++++ Information provided ++++

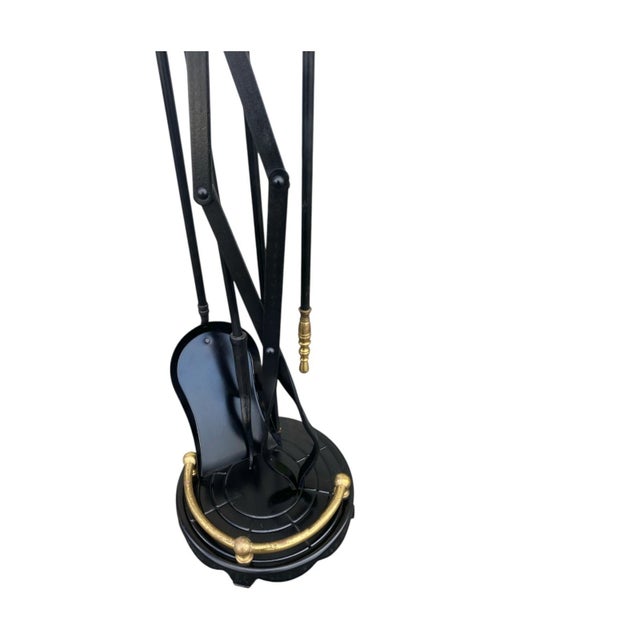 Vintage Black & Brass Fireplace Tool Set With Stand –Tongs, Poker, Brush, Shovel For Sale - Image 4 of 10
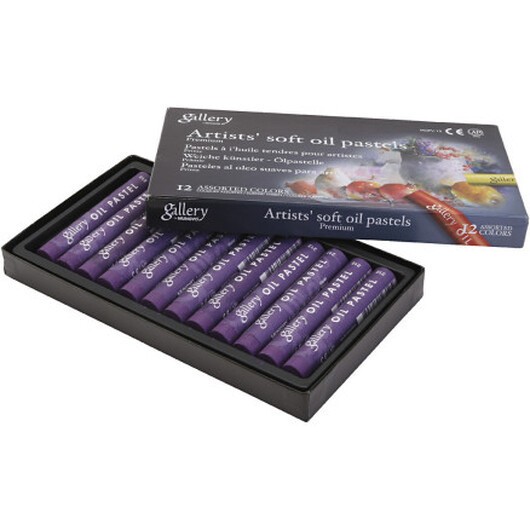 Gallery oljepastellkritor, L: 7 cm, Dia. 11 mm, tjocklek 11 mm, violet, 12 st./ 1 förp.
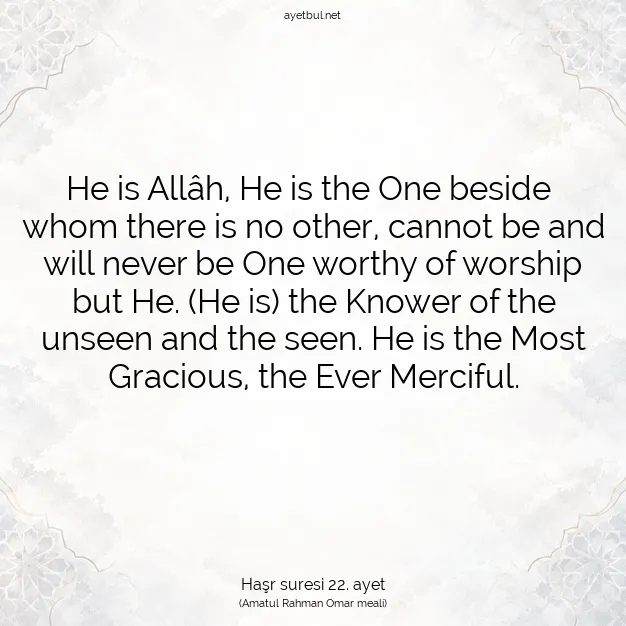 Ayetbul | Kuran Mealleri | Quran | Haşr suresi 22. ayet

++++

Please copy out each line above exactly as written, but not the pictures.

 Vintage Black & Brass Fireplace Tool Set With Stand –Tongs, Poker, Brush, Shovel For Sale - Image 4 of 10
 Gallery oljepastellkritor, L: 7 cm, Dia. 11 mm, tjocklek 11 mm, violet, 12 st./ 1 förp.
 Ayetbul | Kuran Mealleri | Quran | Haşr suresi 22. ayet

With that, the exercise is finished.